=== Assignment ===
A line below contains "Kibsem Pink Lumbar Pillow", and a later one contains "Pokemon Interactive Pikachu". Repeat both, with every line between them, exactly.

=== Data records ===
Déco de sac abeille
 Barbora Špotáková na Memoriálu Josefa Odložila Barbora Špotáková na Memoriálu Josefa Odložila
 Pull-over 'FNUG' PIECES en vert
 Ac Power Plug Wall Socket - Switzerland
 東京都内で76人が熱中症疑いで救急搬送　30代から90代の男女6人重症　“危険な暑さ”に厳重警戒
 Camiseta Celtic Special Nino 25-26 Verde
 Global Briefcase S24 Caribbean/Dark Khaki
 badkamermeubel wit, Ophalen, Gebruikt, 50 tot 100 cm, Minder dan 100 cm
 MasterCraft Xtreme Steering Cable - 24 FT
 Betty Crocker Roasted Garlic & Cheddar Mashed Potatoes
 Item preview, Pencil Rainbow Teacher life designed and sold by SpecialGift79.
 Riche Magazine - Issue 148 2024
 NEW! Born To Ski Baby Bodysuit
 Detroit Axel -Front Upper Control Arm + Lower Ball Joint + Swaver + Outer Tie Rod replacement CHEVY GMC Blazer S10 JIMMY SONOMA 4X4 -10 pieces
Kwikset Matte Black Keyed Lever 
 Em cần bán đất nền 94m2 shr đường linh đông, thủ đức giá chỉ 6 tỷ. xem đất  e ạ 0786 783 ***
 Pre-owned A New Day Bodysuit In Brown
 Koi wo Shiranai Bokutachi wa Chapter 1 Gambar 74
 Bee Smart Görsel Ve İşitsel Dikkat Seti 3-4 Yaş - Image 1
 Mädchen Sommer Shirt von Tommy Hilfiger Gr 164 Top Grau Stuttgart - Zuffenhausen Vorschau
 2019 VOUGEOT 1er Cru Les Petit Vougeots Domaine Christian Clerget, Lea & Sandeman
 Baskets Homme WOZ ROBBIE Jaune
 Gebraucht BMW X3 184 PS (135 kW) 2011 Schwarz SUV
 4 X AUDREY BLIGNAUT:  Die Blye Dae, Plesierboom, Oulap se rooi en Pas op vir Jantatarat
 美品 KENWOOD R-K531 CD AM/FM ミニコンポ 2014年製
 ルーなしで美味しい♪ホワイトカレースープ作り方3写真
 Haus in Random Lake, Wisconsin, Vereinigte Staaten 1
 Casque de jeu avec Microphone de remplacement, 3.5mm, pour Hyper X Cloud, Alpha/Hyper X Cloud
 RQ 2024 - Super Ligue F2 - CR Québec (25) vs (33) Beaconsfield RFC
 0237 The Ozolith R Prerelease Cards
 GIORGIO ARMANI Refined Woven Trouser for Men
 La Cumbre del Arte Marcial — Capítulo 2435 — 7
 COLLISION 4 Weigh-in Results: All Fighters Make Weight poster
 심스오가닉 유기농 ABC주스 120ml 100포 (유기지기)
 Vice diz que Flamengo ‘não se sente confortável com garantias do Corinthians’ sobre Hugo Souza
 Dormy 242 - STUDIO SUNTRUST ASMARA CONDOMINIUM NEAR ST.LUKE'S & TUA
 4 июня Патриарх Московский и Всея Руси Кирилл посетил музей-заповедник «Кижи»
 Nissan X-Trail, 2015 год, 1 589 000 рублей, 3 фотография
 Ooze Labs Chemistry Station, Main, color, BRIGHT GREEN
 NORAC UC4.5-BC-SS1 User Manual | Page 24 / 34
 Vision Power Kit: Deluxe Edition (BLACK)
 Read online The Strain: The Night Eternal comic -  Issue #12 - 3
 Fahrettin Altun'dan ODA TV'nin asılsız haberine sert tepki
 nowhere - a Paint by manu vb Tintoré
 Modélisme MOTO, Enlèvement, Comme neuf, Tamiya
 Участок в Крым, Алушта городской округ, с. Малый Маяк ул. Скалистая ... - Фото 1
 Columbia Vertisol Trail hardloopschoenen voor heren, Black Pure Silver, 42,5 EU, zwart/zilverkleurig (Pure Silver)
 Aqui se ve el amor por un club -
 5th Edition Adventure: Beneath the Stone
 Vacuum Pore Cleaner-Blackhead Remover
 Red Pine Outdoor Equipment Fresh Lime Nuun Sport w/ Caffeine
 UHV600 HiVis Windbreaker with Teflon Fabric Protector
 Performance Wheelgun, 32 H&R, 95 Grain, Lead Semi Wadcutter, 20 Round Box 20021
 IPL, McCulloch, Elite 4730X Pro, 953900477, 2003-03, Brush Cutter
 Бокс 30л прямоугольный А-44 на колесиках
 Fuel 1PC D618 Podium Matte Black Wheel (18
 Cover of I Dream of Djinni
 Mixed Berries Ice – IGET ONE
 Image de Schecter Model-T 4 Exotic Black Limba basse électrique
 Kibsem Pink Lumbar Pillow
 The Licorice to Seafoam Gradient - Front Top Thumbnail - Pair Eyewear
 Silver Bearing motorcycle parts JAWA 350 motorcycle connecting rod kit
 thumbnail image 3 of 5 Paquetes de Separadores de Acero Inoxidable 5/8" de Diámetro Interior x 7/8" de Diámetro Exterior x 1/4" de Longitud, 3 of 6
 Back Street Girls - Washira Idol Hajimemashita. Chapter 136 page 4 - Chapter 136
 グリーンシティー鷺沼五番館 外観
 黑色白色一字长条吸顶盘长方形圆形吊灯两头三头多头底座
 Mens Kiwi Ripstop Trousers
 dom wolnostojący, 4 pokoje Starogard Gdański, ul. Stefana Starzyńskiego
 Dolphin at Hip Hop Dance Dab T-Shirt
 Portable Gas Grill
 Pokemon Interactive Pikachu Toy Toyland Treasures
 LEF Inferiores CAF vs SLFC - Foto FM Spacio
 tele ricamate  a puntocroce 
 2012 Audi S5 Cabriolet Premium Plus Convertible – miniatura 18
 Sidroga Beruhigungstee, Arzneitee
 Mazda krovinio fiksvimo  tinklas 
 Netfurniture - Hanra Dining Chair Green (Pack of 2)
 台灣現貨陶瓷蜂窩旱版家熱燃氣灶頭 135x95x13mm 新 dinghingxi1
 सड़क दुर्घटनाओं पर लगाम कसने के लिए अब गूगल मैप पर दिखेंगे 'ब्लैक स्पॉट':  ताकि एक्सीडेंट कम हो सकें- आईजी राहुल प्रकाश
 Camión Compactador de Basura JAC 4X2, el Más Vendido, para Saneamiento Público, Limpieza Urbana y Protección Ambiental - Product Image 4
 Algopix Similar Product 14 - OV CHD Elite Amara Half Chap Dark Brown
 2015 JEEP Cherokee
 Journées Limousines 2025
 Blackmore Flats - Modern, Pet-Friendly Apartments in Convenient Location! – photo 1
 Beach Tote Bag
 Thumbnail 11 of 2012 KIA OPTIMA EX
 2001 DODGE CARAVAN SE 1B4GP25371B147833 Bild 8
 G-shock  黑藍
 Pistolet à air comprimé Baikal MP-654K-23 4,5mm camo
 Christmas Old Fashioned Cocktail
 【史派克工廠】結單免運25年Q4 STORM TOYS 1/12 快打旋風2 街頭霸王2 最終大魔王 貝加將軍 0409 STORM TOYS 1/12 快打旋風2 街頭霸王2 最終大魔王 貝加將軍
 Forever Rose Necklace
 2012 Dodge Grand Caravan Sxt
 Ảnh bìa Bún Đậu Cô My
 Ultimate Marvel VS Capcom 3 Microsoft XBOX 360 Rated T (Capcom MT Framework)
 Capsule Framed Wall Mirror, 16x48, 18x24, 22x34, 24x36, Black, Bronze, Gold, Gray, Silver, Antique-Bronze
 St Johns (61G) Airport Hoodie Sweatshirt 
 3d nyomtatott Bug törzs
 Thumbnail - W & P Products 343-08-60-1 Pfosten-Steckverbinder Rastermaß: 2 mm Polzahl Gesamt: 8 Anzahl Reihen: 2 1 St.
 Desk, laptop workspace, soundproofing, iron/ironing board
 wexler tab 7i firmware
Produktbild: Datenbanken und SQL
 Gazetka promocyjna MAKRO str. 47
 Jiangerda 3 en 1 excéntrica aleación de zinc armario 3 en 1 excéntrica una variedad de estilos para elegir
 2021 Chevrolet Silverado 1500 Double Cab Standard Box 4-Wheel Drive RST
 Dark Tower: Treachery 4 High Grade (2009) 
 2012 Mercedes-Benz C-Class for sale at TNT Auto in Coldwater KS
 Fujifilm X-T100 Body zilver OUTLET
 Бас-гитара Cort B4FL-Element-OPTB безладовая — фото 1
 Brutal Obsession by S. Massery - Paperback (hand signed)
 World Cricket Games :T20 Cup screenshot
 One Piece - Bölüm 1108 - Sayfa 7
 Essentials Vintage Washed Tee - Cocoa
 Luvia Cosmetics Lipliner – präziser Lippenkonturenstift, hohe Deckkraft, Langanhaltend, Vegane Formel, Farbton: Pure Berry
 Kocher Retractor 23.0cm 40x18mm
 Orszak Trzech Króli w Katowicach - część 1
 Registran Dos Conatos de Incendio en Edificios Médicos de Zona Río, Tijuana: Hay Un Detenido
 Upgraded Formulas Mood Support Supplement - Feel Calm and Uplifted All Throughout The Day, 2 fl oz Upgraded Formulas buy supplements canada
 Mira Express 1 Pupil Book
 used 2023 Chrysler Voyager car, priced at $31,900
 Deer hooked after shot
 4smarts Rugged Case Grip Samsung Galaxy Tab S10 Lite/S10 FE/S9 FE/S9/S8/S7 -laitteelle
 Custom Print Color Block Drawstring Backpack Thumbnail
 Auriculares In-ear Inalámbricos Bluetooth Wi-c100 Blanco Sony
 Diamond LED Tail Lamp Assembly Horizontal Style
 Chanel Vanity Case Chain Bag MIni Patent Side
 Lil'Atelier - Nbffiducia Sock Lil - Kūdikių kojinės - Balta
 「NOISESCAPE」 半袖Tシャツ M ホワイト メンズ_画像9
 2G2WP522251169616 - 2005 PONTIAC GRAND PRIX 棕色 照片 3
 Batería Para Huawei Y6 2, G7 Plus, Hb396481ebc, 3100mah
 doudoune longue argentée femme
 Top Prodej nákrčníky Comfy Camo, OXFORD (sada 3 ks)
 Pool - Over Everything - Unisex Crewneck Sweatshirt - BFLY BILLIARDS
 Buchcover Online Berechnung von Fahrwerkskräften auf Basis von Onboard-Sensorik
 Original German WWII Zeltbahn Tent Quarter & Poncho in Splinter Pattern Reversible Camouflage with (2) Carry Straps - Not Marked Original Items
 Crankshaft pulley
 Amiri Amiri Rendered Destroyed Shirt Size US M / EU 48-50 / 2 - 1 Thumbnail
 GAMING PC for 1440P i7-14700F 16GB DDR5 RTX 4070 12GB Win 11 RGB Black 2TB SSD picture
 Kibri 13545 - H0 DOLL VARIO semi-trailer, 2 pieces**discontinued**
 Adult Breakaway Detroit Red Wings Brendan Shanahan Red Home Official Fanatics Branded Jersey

=== Written response ===
 Kibsem Pink Lumbar Pillow
 The Licorice to Seafoam Gradient - Front Top Thumbnail - Pair Eyewear
 Silver Bearing motorcycle parts JAWA 350 motorcycle connecting rod kit
 thumbnail image 3 of 5 Paquetes de Separadores de Acero Inoxidable 5/8" de Diámetro Interior x 7/8" de Diámetro Exterior x 1/4" de Longitud, 3 of 6
 Back Street Girls - Washira Idol Hajimemashita. Chapter 136 page 4 - Chapter 136
 グリーンシティー鷺沼五番館 外観
 黑色白色一字长条吸顶盘长方形圆形吊灯两头三头多头底座
 Mens Kiwi Ripstop Trousers
 dom wolnostojący, 4 pokoje Starogard Gdański, ul. Stefana Starzyńskiego
 Dolphin at Hip Hop Dance Dab T-Shirt
 Portable Gas Grill
 Pokemon Interactive Pikachu Toy Toyland Treasures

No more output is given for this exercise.